Collected data

-=-=-

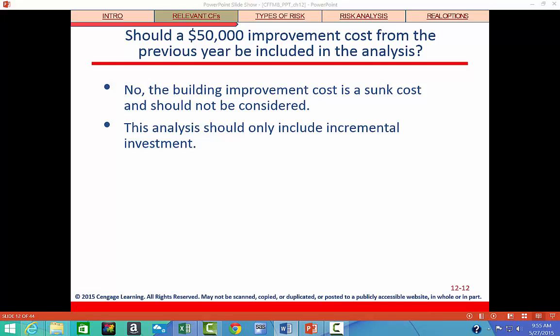Should a $50,000 improvement cost from the previous year be included in the analysis? Anything that happened before the cash flows are going to start is considered a sunk cost and shouldn't affect the decision or be included in the analysis. The only thing we want to include is from day zero — today — and all the future cash flows that would occur. Sunk costs are never included.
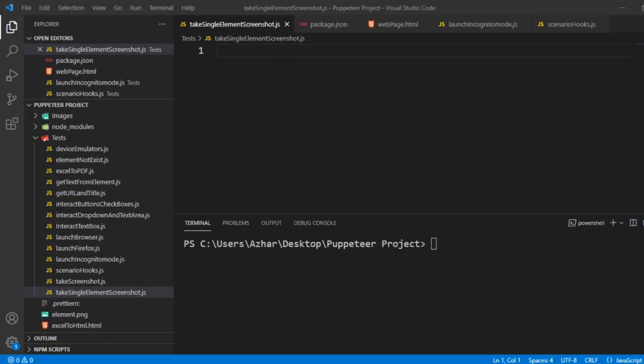Hello awesome viewers, how are you all? Welcome back to another video. In this video we are going to discuss how to take a screenshot of a single element. In one of my previous videos I showed you how to take a screenshot of the entire page. Here we'll learn how to take a screenshot of a single element.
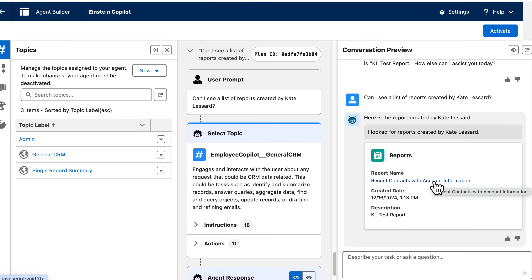From here, using Agent Force, you have answers to assist you with your admin best practice of updating your reports and dashboards to ensure your organization is using the most relevant data to make informed decisions.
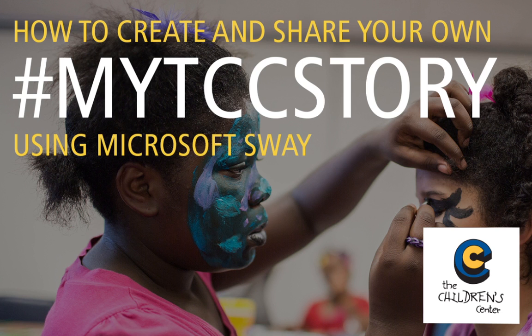Hello! This is a quick video on how to create and share your own MyTCC story using Microsoft Sway.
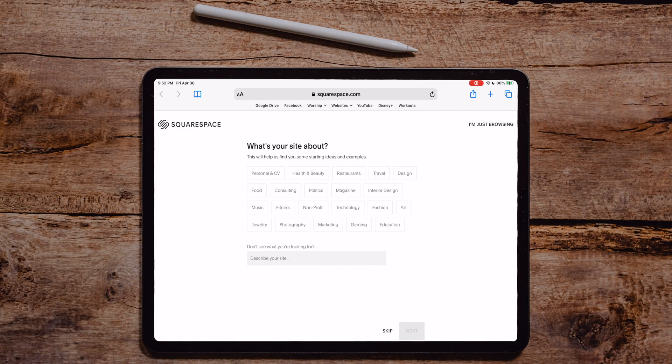Here we are on squarespace.com. We're going to be trying to build a website on Squarespace with the web browser. We're going to do the app eventually, but we're going to do the web browser first. I already logged in, clicked create a website, and we're going to see how this goes.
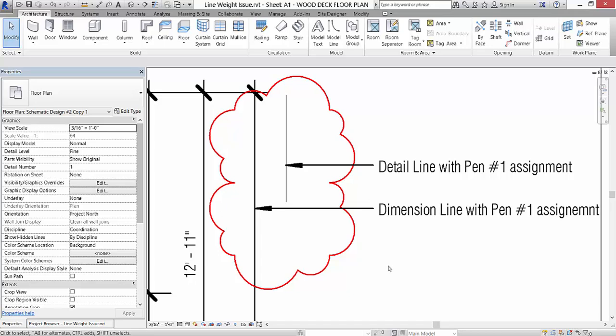In this project file, we have a dimension style which has a pen one assignment, and we also have a detail line which also has a pen one assignment, but their line weights look very different. So the question is: why do they look so different?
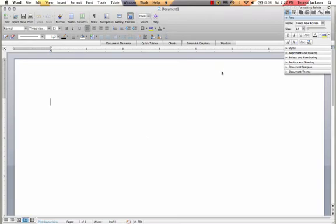Hi, this is Teresa from The Techie Teacher and today I'm going to show you a little bit about Microsoft Word. In particular, I'm going to show you how to format your paper to meet the standards for MLA style.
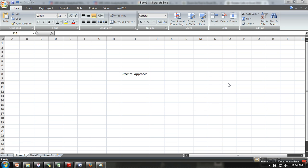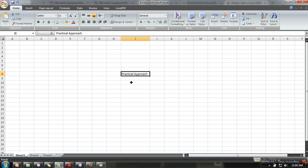Hello everyone, in this video I'm going to show you how to rotate text in a cell. Let's say we have this text 'Practical Approach' and I want to make it vertical. What I need to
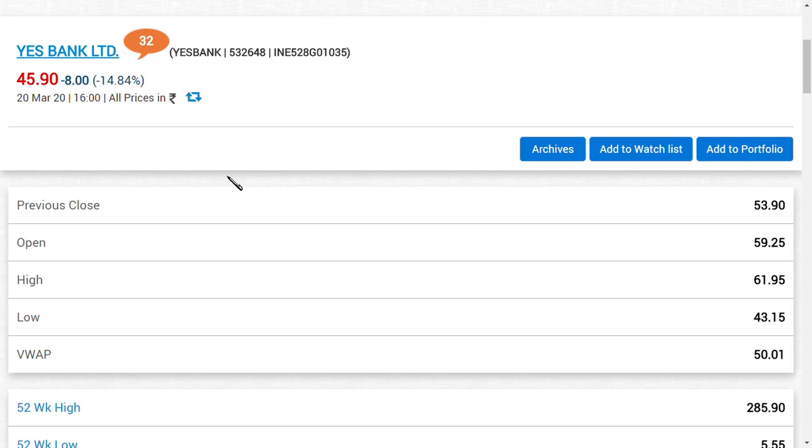Hey friends, welcome back to my channel and a very good morning. In this video, we are going to see the latest news of YES Bank Limited, or you can say the latest update of YES Bank Limited.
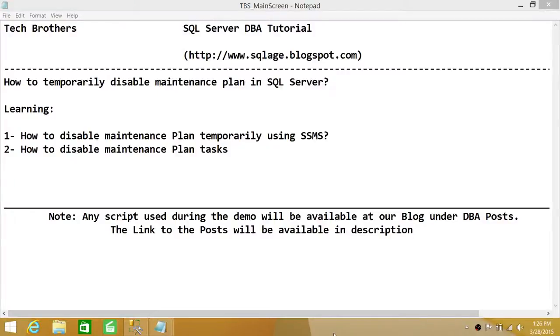Welcome to Jack Brothers. In this video, we're going to learn how to temporarily disable maintenance plans in SQL Server.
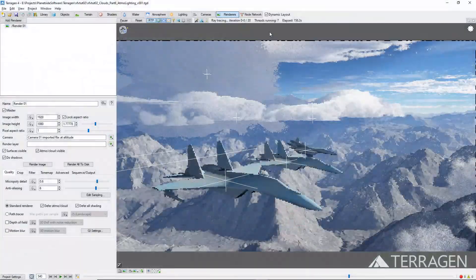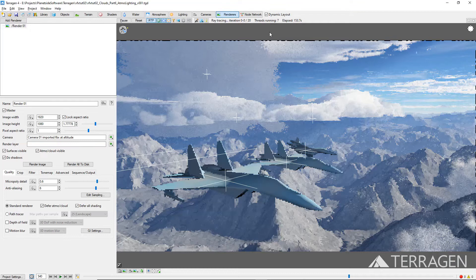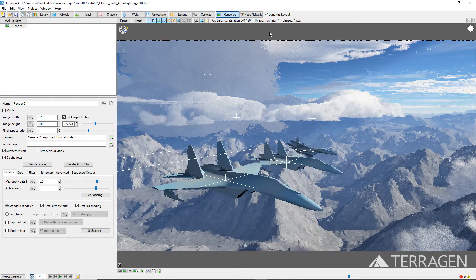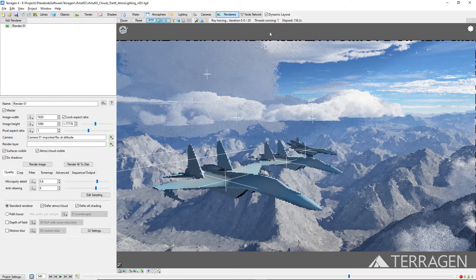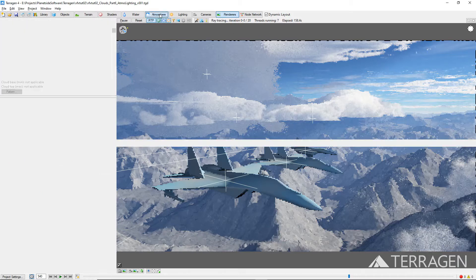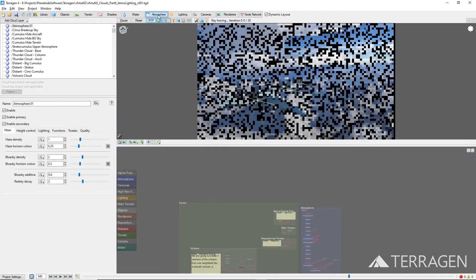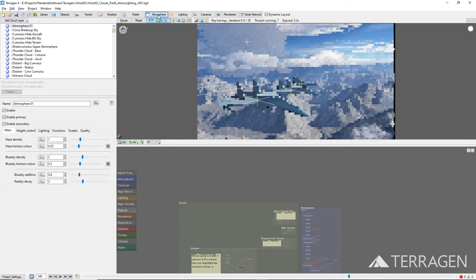We wanted our shot to feel like it's taking place at a much higher altitude than the 10,000 feet or 3,000 meters that it had been staged at. And by using Terragen's Atmosphere settings, we were able to compensate for the previs layout of the shot.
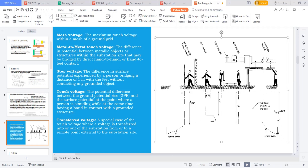So now what we have to do? We have to calculate what is the touch voltage and what is the step voltage that can be tolerable by a 50 kg body. I know the touch voltage will happen. I have to calculate what touch voltage and what step voltage a human body can tolerate — whether a 50 kg person or 70 kg person can tolerate.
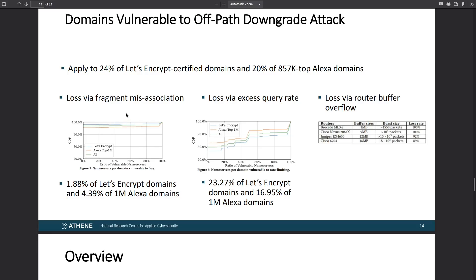Loss via fragmentation affected 1.8% of Let's Encrypt domains and 4.39% of the top 1 million Alexa domains — basically the top websites queried by Amazon Alexa traffic. When using the excess query rate exploit, 23% of Let's Encrypt domains and almost 17% of the Alexa top domains appeared vulnerable.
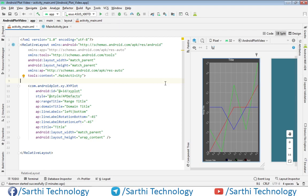Namaste friends, welcome back to Sarathi Technology. In the last video we created this view in our application, and now in this video we will do some work in the Java part and create our first chart.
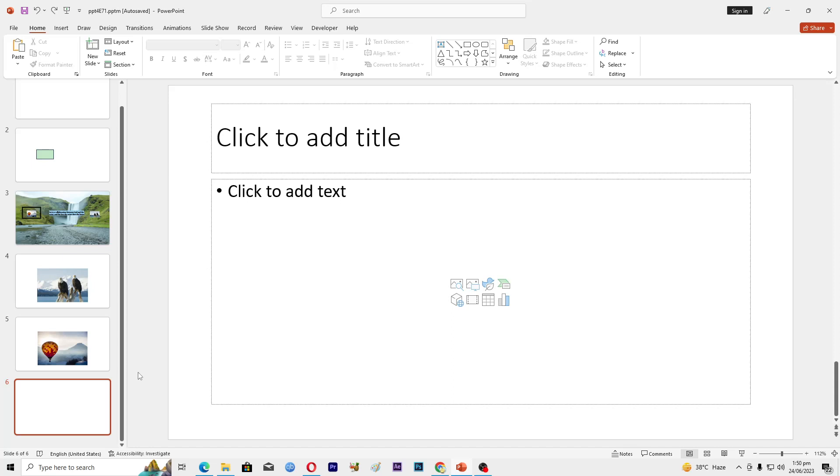Hello guys and welcome back to my channel. In this video I will tell you how to insert and customize SmartArt graphics in Microsoft PowerPoint. Before starting this video, make sure to like this video and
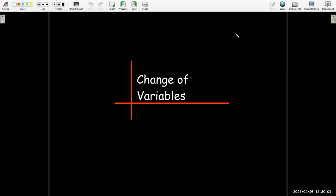In this video we're going to look at change of variables. We call it in Calculus 1 a u-substitution, but now we want to do it with integrals of two variables.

-=-=-

What you have to do = Give the entries again word for word, but skip the pictures.

Written answer =
Should a $50,000 improvement cost from the previous year be included in the analysis? Anything that happened before the cash flows are going to start is considered a sunk cost and shouldn't affect the decision or be included in the analysis. The only thing we want to include is from day zero — today — and all the future cash flows that would occur. Sunk costs are never included.
Hello awesome viewers, how are you all? Welcome back to another video. In this video we are going to discuss how to take a screenshot of a single element. In one of my previous videos I showed you how to take a screenshot of the entire page. Here we'll learn how to take a screenshot of a single element.
From here, using Agent Force, you have answers to assist you with your admin best practice of updating your reports and dashboards to ensure your organization is using the most relevant data to make informed decisions.
Hello! This is a quick video on how to create and share your own MyTCC story using Microsoft Sway.
Here we are on squarespace.com. We're going to be trying to build a website on Squarespace with the web browser. We're going to do the app eventually, but we're going to do the web browser first. I already logged in, clicked create a website, and we're going to see how this goes.
In this project file, we have a dimension style which has a pen one assignment, and we also have a detail line which also has a pen one assignment, but their line weights look very different. So the question is: why do they look so different?
Hi, this is Teresa from The Techie Teacher and today I'm going to show you a little bit about Microsoft Word. In particular, I'm going to show you how to format your paper to meet the standards for MLA style.
Hello everyone, in this video I'm going to show you how to rotate text in a cell. Let's say we have this text 'Practical Approach' and I want to make it vertical. What I need to
Hey friends, welcome back to my channel and a very good morning. In this video, we are going to see the latest news of YES Bank Limited, or you can say the latest update of YES Bank Limited.
Welcome to Jack Brothers. In this video, we're going to learn how to temporarily disable maintenance plans in SQL Server.
We wanted our shot to feel like it's taking place at a much higher altitude than the 10,000 feet or 3,000 meters that it had been staged at. And by using Terragen's Atmosphere settings, we were able to compensate for the previs layout of the shot.
So now what we have to do? We have to calculate what is the touch voltage and what is the step voltage that can be tolerable by a 50 kg body. I know the touch voltage will happen. I have to calculate what touch voltage and what step voltage a human body can tolerate — whether a 50 kg person or 70 kg person can tolerate.
Loss via fragmentation affected 1.8% of Let's Encrypt domains and 4.39% of the top 1 million Alexa domains — basically the top websites queried by Amazon Alexa traffic. When using the excess query rate exploit, 23% of Let's Encrypt domains and almost 17% of the Alexa top domains appeared vulnerable.
Namaste friends, welcome back to Sarathi Technology. In the last video we created this view in our application, and now in this video we will do some work in the Java part and create our first chart.
Hello guys and welcome back to my channel. In this video I will tell you how to insert and customize SmartArt graphics in Microsoft PowerPoint. Before starting this video, make sure to like this video and
In this video we're going to look at change of variables. We call it in Calculus 1 a u-substitution, but now we want to do it with integrals of two variables.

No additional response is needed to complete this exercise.